Proposal talk:Implement and deploy checksum revision table
|Thread title||Replies||Last modified|
|Hash in revision or text ?||1||13:17, 4 September 2011|
|Index||1||13:11, 4 September 2011|
Right now the proposal title and committed patch implement this in the
revision table. Why is this though ? In my opinion it makes more sense in the
text table (which the introduction paragraph of the proposal mentions as target table as well).
It's the hash of the text, not of the revision meta-data. There can (and should be) mutiple revisions with the same hash of the revision text. Right now MediaWiki only re-uses a text-table row if a revision is a direct revert of an earlier revision (using the "rollback" feature). If a normal undo takes place or if there were multiple editors between the vandalism and the user had to dig back manualy and save an old revision, then MediaWiki stores a second copy of the text.

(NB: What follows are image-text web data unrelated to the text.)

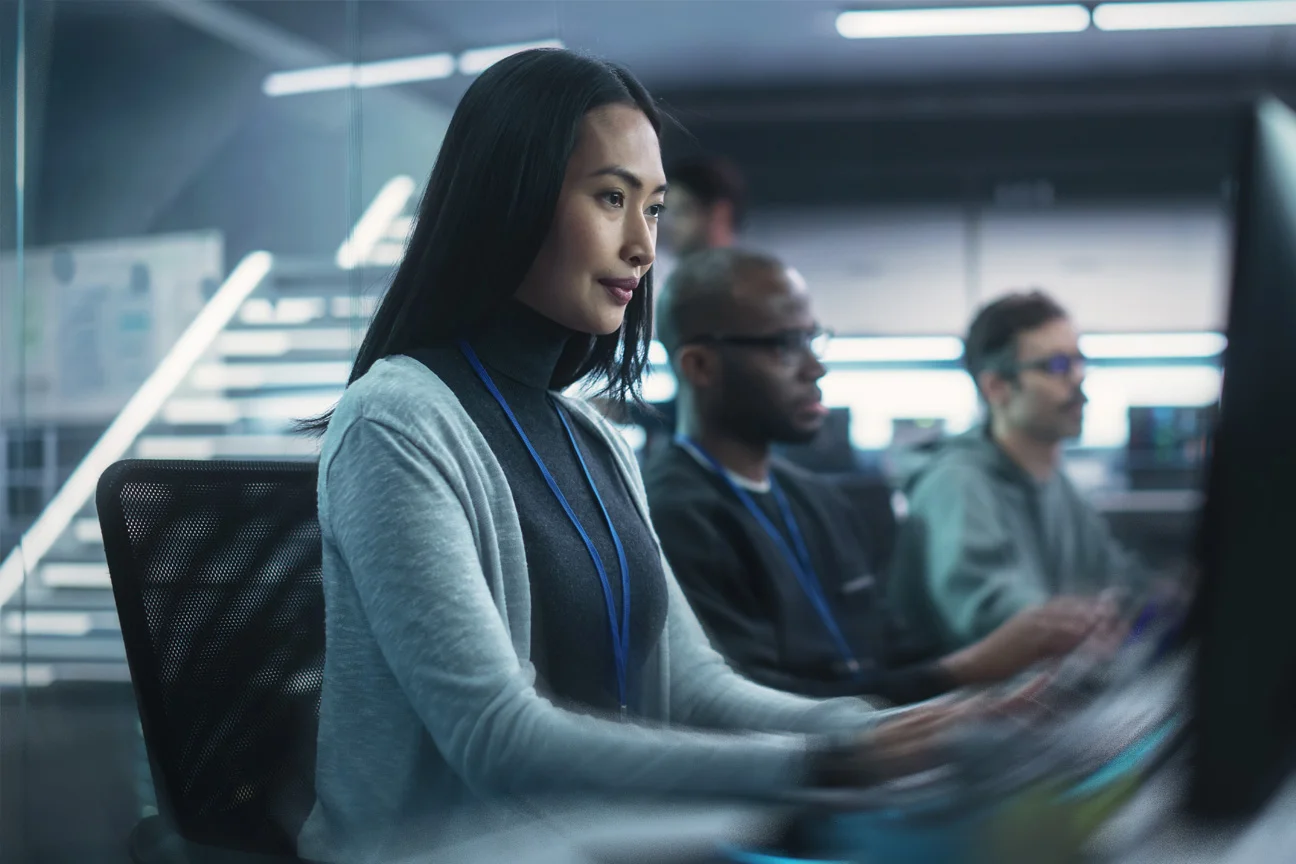 A woman with long dark hair sits focused at a computer monitor in a modern office, with colleagues working alongside her in the background.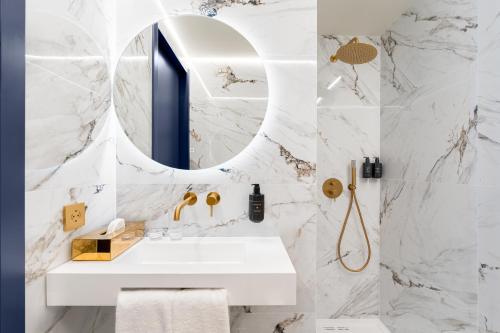 Ένα μπάνιο στο Hotel Kodawari Residences Flores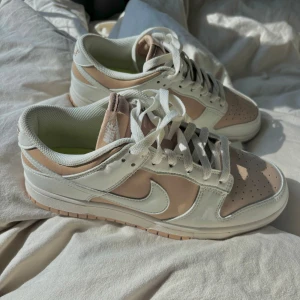 Nike Dunk Low i beige och vitt - Säljer ett par Nike Dunk Low sneakers i strl 40. Säljer dem då dem inte har kommit till användning, men de sitter förövrigt väldigt bra och är sköna. Är osäker på om jag har kvar original kartongen, men tror tyvärr inte det. Priset kan diskuteras💞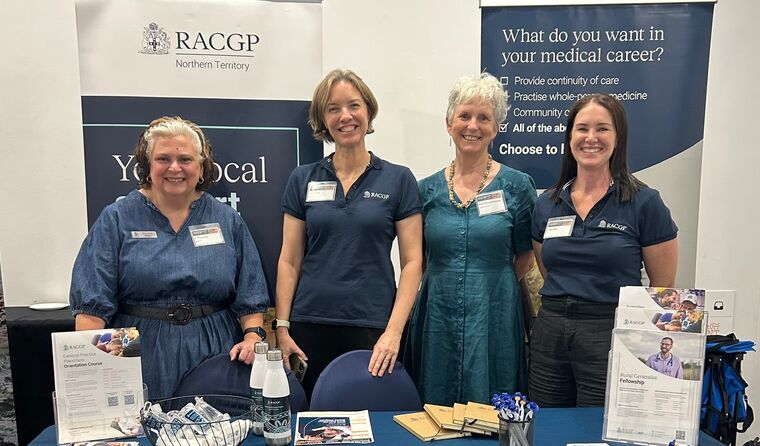 Four women in front of RACGP signage at conference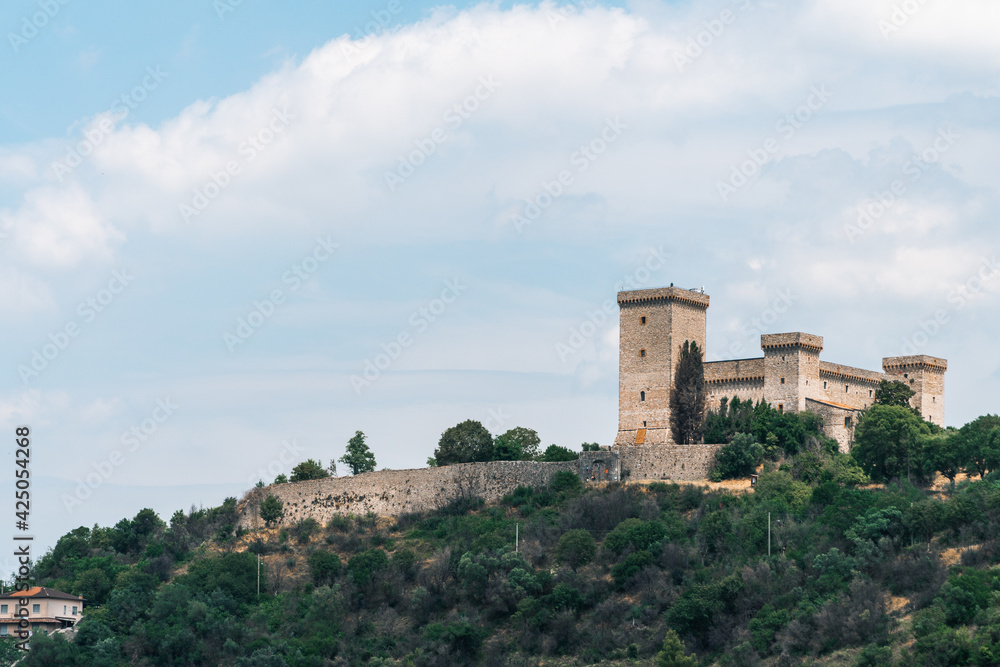 Narni, Umbria, Italy - The medieval castle of the ancient village of Narni. The blue sky in summer. The stone walls and towers of the fortress.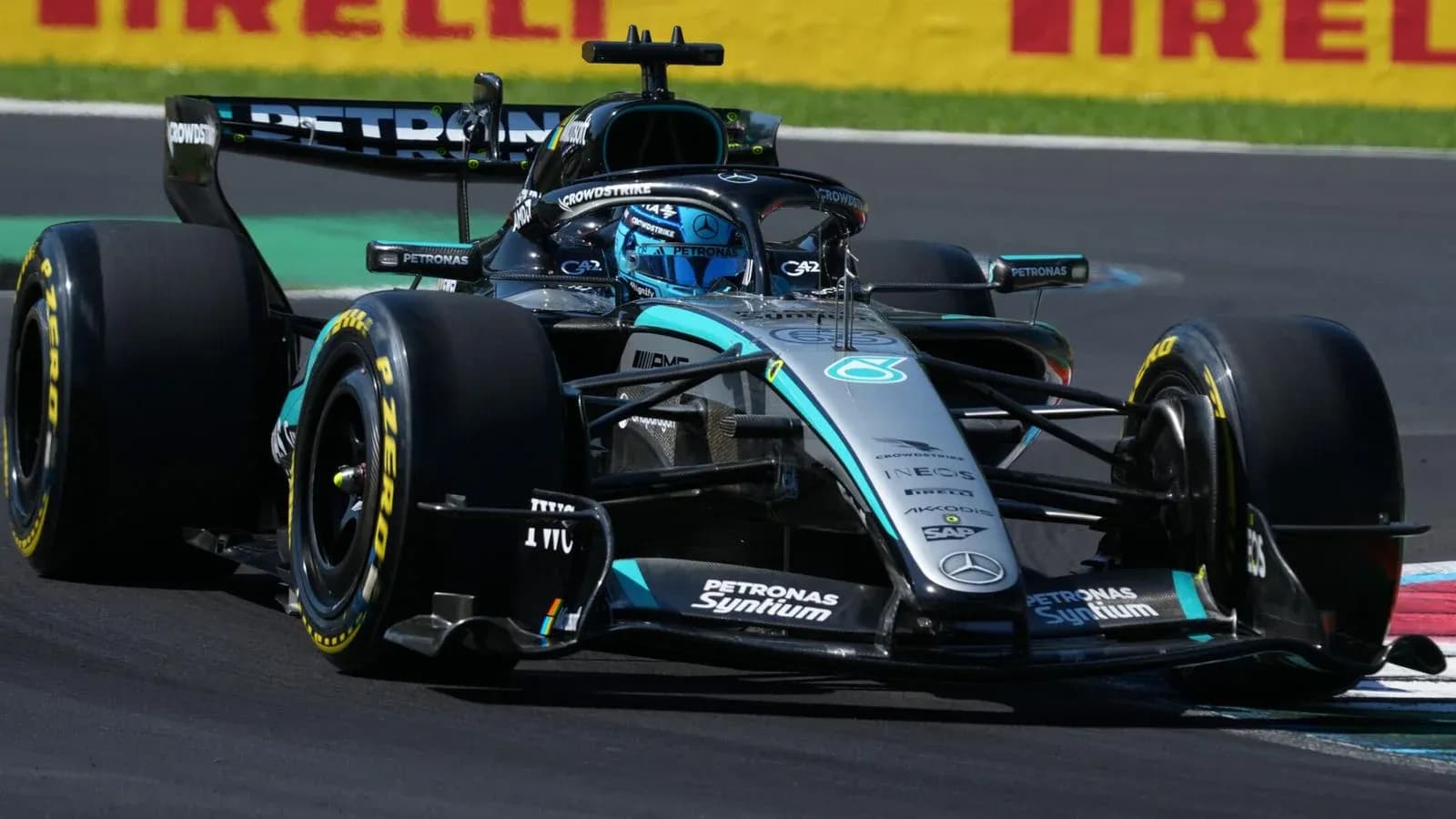 Formula 1 car racing on track during competition Formula 1 car racing on track during competition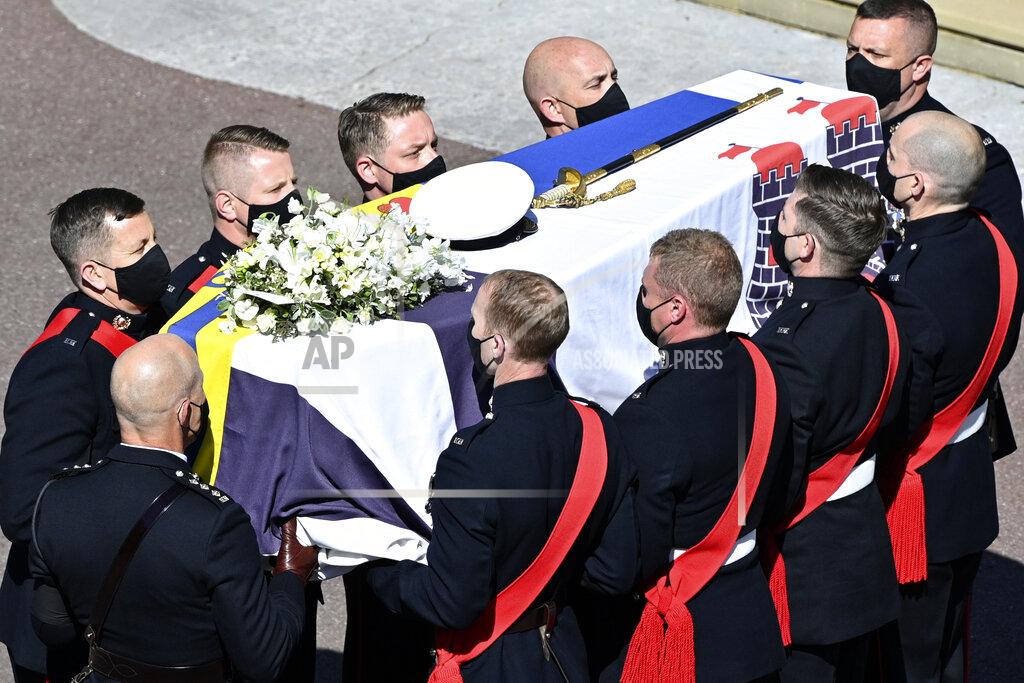 Justin Tallis Pall bearers carry the coffin arriving at St George's Chapel for the funeral of Britain's Prince Philip inside Windsor Castle in Windsor, England, Saturday, April 17, 2021. Prince Philip died April 9 at the age of 99 after 73 years of marriage to Britain's Queen Elizabeth II. (Justin Tallis/Pool via AP)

Anyway, just to bring this up. Do we want it in the text table ?
No index needed ? If we want to re-use
text-table rows and query by a generated hash when saving the revision text, we would need an index, right ?
Yes, if you want to query by hash then you would need obviously an index but I haven't heard a use case yet where we really would want to query often the hash column. In addition, the checksum will not be always unique across different pages. If two different pages have been blanketed then they would have the same hash. So we might need a compounded index in that case but I would like to hear more different use cases first before we decide on including an index.